## [YOUR TASK]
Starting at the line that contains "ルイヴィトン(LOUIS V", copy every line to the end of the material below exactly, and omit the pictures.

## [MATERIAL FOR THIS EXERCISE]
▼▼▼

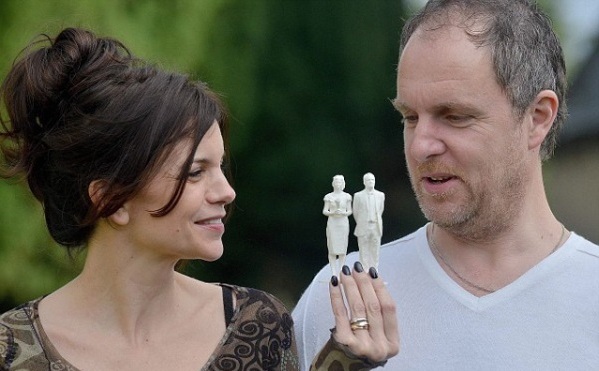Сделайте мини фигуры собственной пары для свадебного тортика при помощи 3D печати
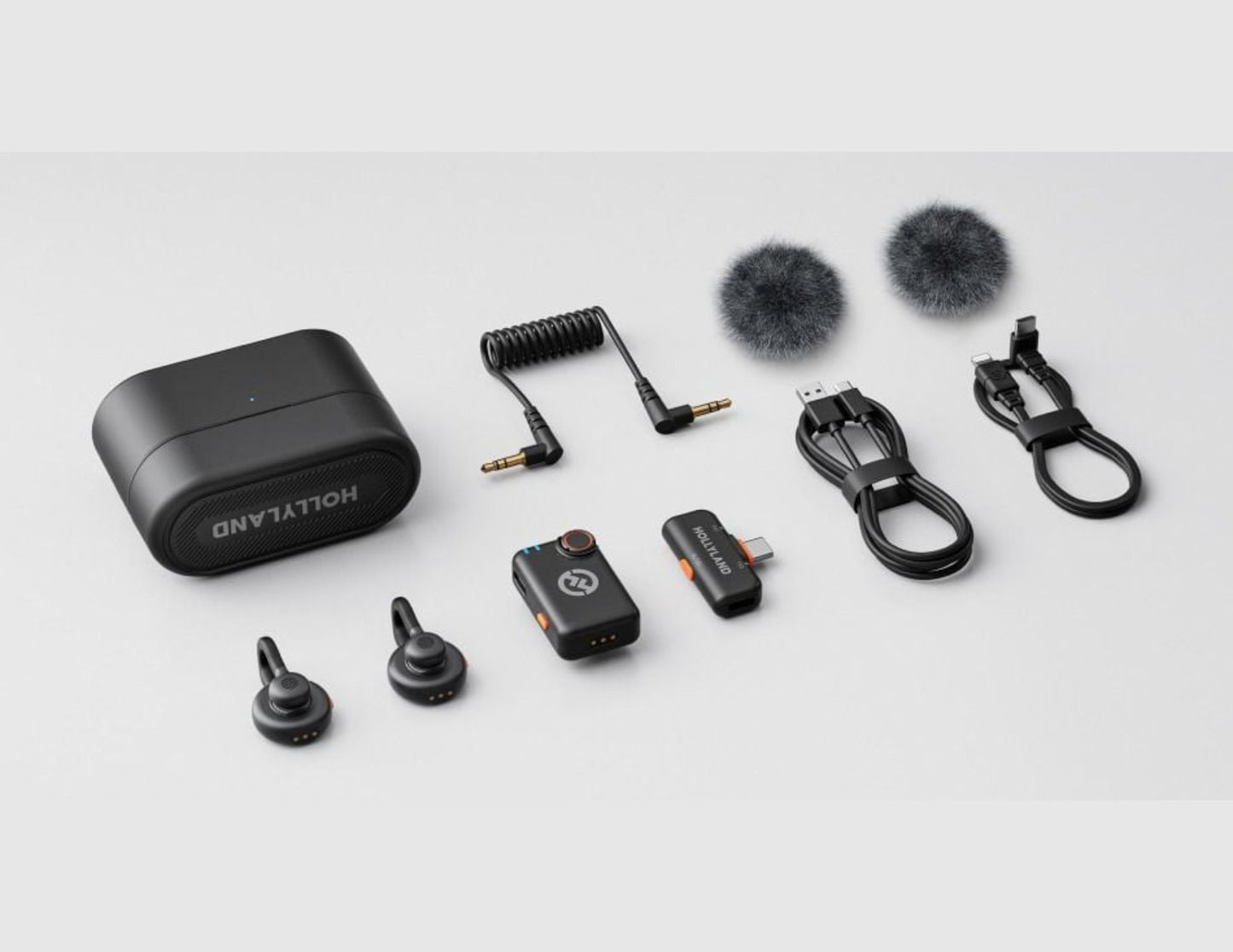 Hollyland LARK M2S Ultimate Combo wireless lavalier microphone for content creation.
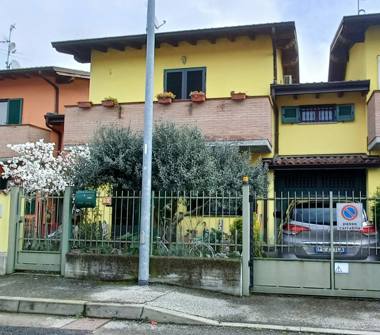 Villetta a schiera in vendita a Chignolo Po, Frazione Lambrinia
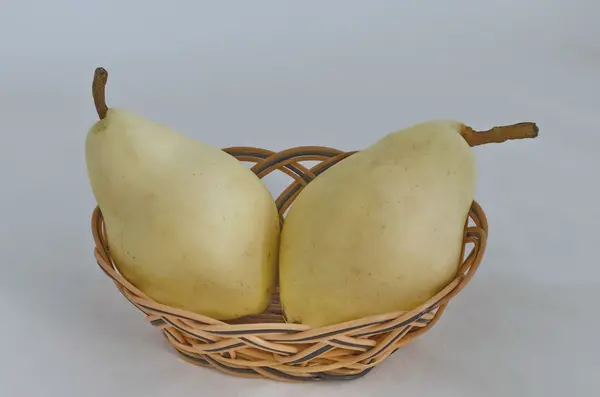 小篮子里的两个全梨水果 — 图库照片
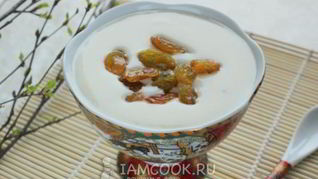 Молочный кисель с изюмом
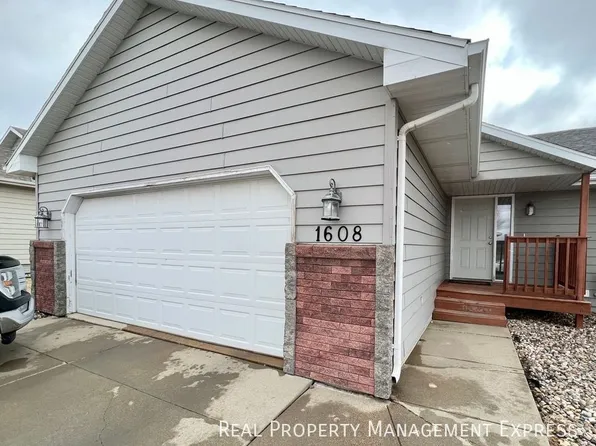 1608 S Campbell Trl, Sioux Falls, SD 57106
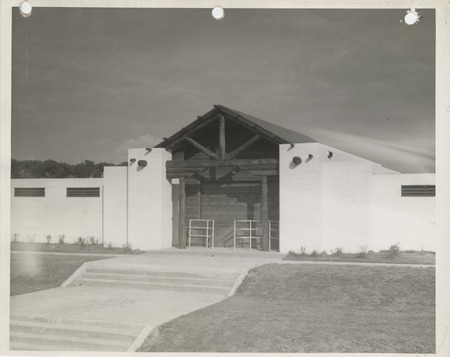 Photograph of swimming pool and bathhouse at the Sunnyside Park in Atlantic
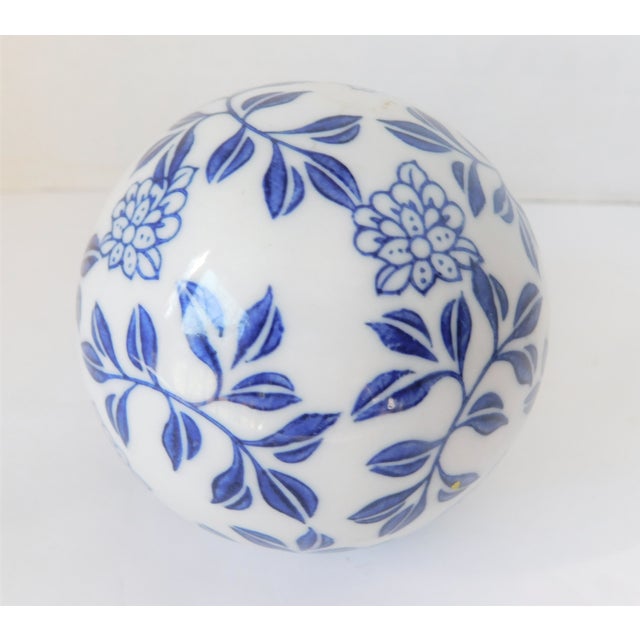 Blue and White AsianInspired Porcelain/Ceramic Vintage Carpet Balls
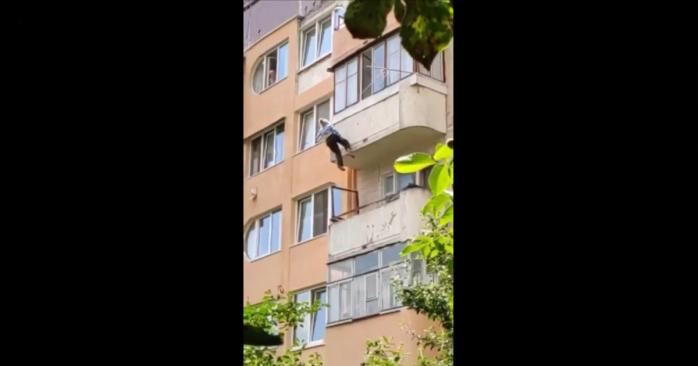 Жительница Тернополя едва не упала с четвертого этажа, скриншот видео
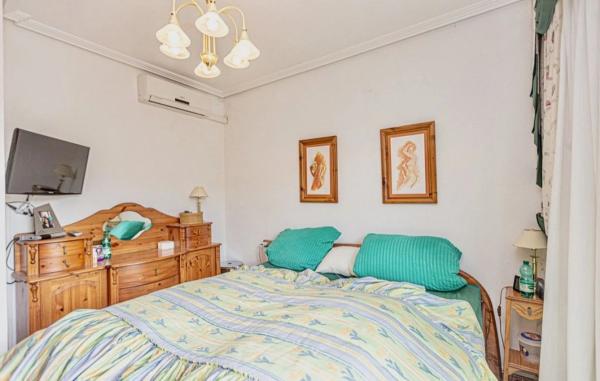 Chalet pareado en calle Estaca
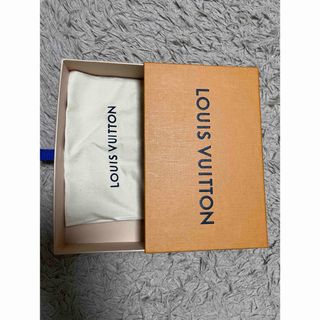 ルイヴィトン(LOUIS VUITTON)のルイヴィトン　箱　ケース(モバイルケース/カバー)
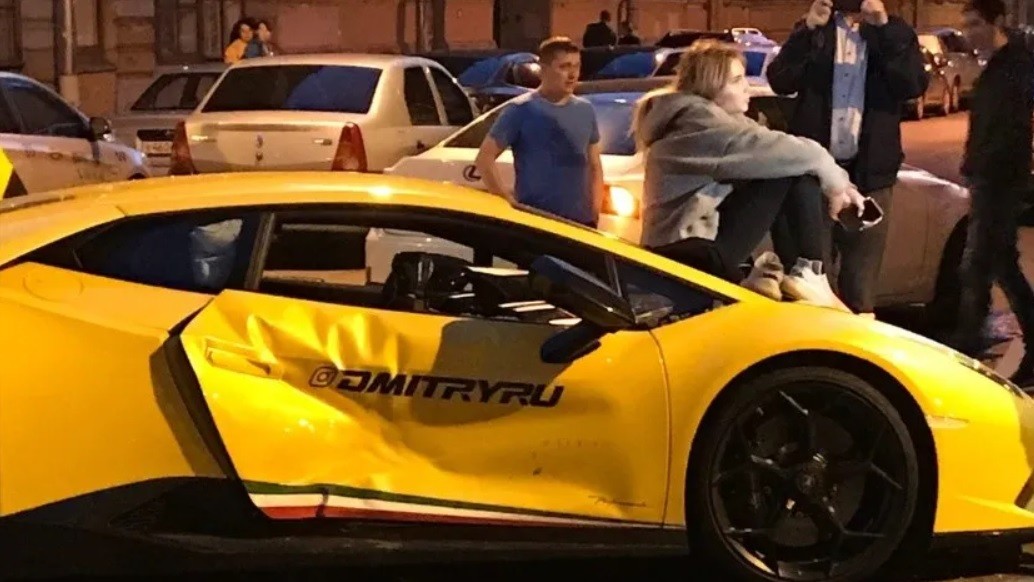 Video: sorteó un auto de US$ 250 mil y lo chocó antes de entregarlo al ganador | Redes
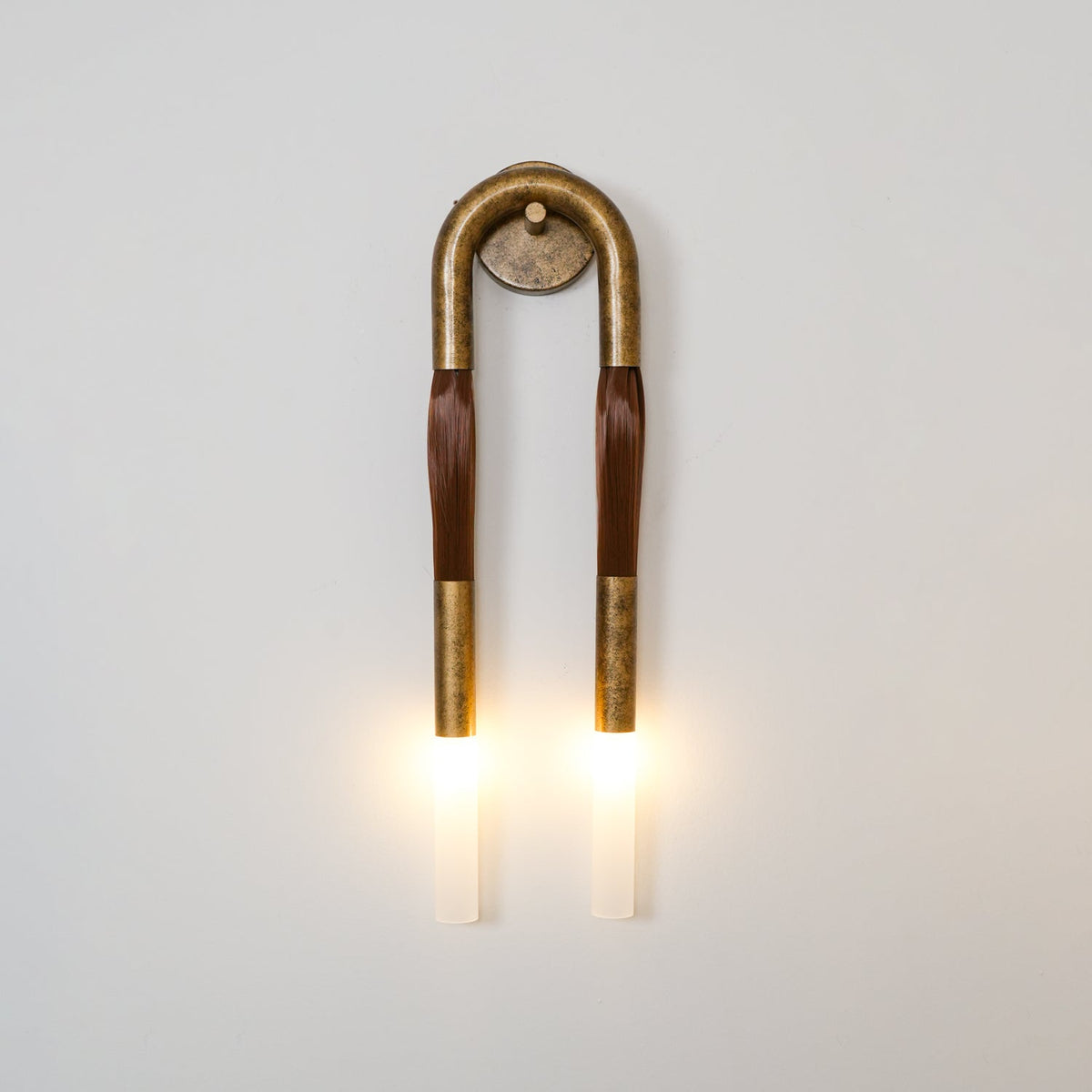 Aplique de pared con borla Borlena enmarcando un espejo – imagen 17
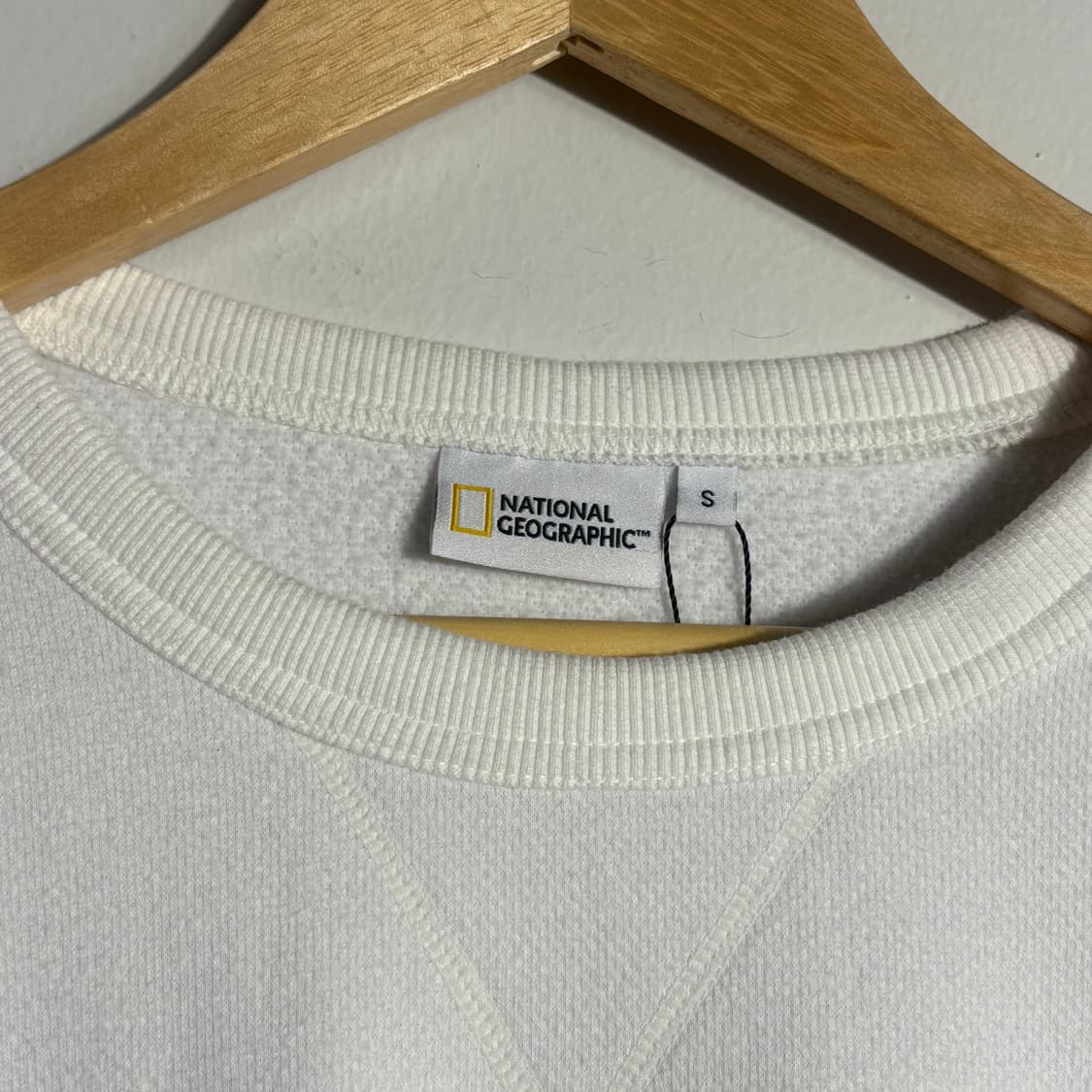내셔널지오그래픽 로고 맨투맨 스웨트셔츠 (무료배송) 상품이미지3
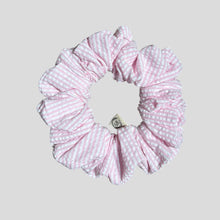 Load image into Gallery viewer, Élise Scrunchies Seasucker Gingham-Red (Set of 3)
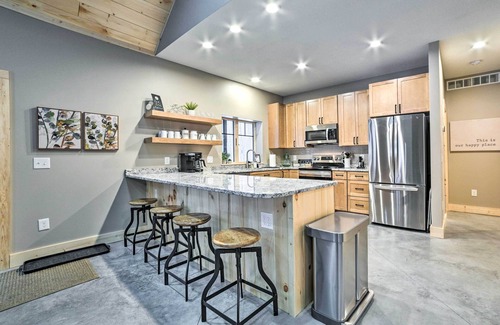 Bellaire Cabina | Bellaire Family Cabin: All-Season Retreat!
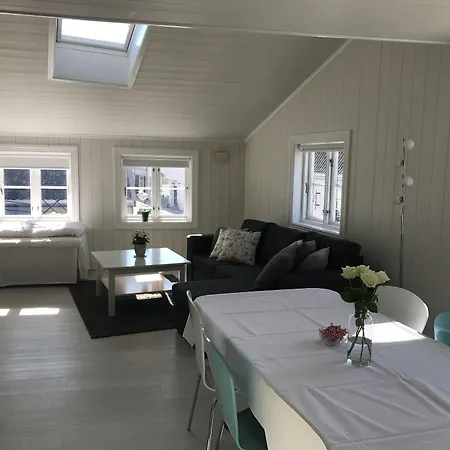 Gamlebyen - מלון 3*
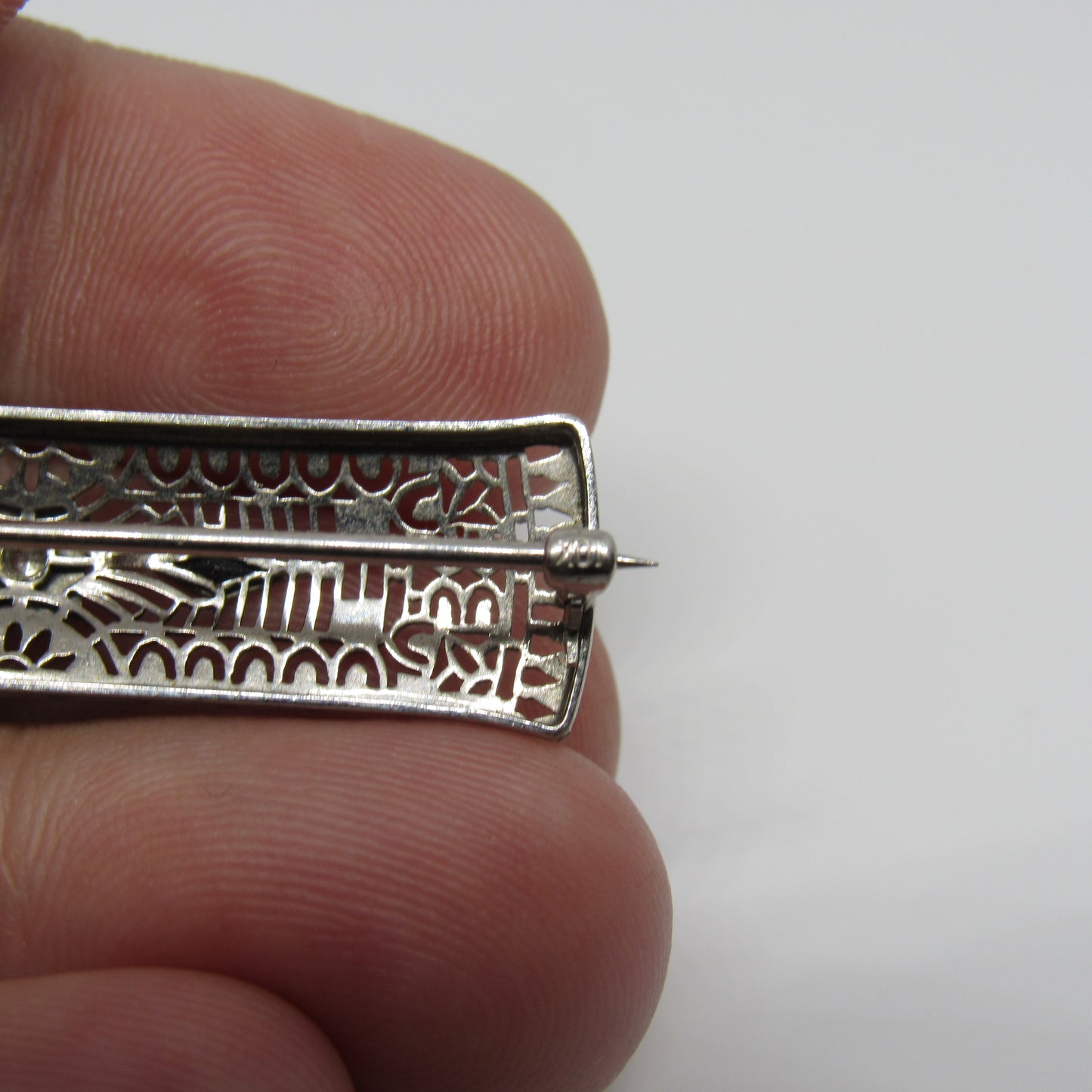10K White Gold Art Deco Design Filigree Blue Sapphire Diamond Chip Pin Brooch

▲▲▲

## [ANSWER BELOW]
 ルイヴィトン(LOUIS VUITTON)のルイヴィトン　箱　ケース(モバイルケース/カバー)
 Video: sorteó un auto de US$ 250 mil y lo chocó antes de entregarlo al ganador | Redes
 Aplique de pared con borla Borlena enmarcando un espejo – imagen 17
내셔널지오그래픽 로고 맨투맨 스웨트셔츠 (무료배송) 상품이미지3
 Load image into Gallery viewer, Élise Scrunchies Seasucker Gingham-Red (Set of 3)
 Bellaire Cabina | Bellaire Family Cabin: All-Season Retreat!
 Gamlebyen - מלון 3*
10K White Gold Art Deco Design Filigree Blue Sapphire Diamond Chip Pin Brooch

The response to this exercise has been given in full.